Quantin C, Collin C, Frérot M, Besson J, Cottenet J, Corneloup M, Soudry-Faure A, Mariet A-S, Roussot A
Service de biostatistiques et d'information médicale (DIM), université Bourgogne Franche-Comté, CHRU Dijon, 21000 Dijon, France; Inserm, CIC 1432, Dijon University Hospital, Clinical Investigation Center, clinical epidemiology/clinical trials unit, 21000 Dijon, France; Biostatistics, Biomathematics, Pharmacoepidemiology and Infectious Diseases (B2PHI), Inserm, UVSQ, Institut Pasteur, université Paris-Saclay, 94800 Villejuif, France.
Direction scientifique et de la stratégie européenne, Agence nationale de sécurité du médicament et des produits de santé, pôle épidémiologie des produits de santé, 143/147, boulevard Anatole-France, 93285 Saint-Denis cedex, France.
Rev Epidemiol Sante Publique. 2017 Oct;65 Suppl 4:S226-S235. doi: 10.1016/j.respe.2017.03.133. Epub 2017 May 31.
The aim of the REDSIAM network is to foster communication between users of French medico-administrative databases and to validate and promote analysis methods suitable for the data. Within this network, the working group "Mental and behavioral disorders" took an interest in algorithms to identify adult schizophrenia in the SNIIRAM database and inventoried identification criteria for patients with schizophrenia in these databases.

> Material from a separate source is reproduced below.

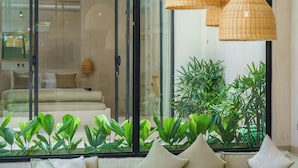 Una sala de estar moderna con un sofá seccional grande, una mesa de centro de madera y un ventanal de vidrio que da a un balcón con plantas.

The methodology was based on interviews with nine experts in schizophrenia concerning the procedures they use to identify patients with schizophrenia disorders in databases. The interviews were based on a questionnaire and conducted by telephone.
The synthesis of the interviews showed that the SNIIRAM contains various tables which allow coders to identify patients suffering from schizophrenia: chronic disease status, drugs and hospitalizations. Taken separately, these criteria were not sufficient to recognize patients with schizophrenia, an algorithm should be based on all of them. Apparently, only one-third of people living with schizophrenia benefit from the longstanding disease status. Not all patients are hospitalized, and coding for diagnoses at the hospitalization, notably for short stays in medicine, surgery or obstetrics departments, is not exhaustive. As for treatment with antipsychotics, it is not specific enough as such treatments are also prescribed to patients with bipolar disorders, or even other disorders. It seems appropriate to combine these complementary criteria, while keeping in mind out-patient care (every year 80,000 patients are seen exclusively in an outpatient setting), even if these data are difficult to link with other information. Finally, the experts made three propositions for selection algorithms of patients with schizophrenia.
Patients with schizophrenia can be relatively accurately identified using SNIIRAM data. Different combinations of the selected criteria must be used depending on the objectives and they must be related to an appropriate length of time.
REDSIAM网络的目标是促进法国医疗行政数据库用户之间的交流,并验证和推广适用于这些数据的分析方法。在这个网络中,“精神和行为障碍”工作组关注了在SNIIRAM数据库中识别成人精神分裂症的算法,并梳理了这些数据库中精神分裂症患者的识别标准。
该方法基于对九位精神分裂症专家的访谈,内容涉及他们在数据库中识别精神分裂症患者所采用的程序。访谈以问卷为基础,通过电话进行。
访谈综合显示,SNIIRAM包含各种表格,使编码人员能够识别患有精神分裂症的患者:慢性病状况、药物治疗和住院情况。单独来看,这些标准不足以识别精神分裂症患者,一种算法应基于所有这些标准。显然,只有三分之一的精神分裂症患者受益于慢性病状况。并非所有患者都住院,而且住院时的诊断编码,尤其是在内科、外科或产科短期住院时,并不详尽。至于抗精神病药物治疗,其特异性不足,因为双相情感障碍患者甚至其他疾病患者也会接受此类治疗。结合这些互补标准似乎是合适的,同时要记住门诊治疗情况(每年有8万名患者仅在门诊接受治疗),即使这些数据难以与其他信息相联系。最后,专家们提出了三项精神分裂症患者选择算法的建议。
使用SNIIRAM数据可以相对准确地识别精神分裂症患者。必须根据目标使用所选标准的不同组合,并且它们必须与适当的时间段相关。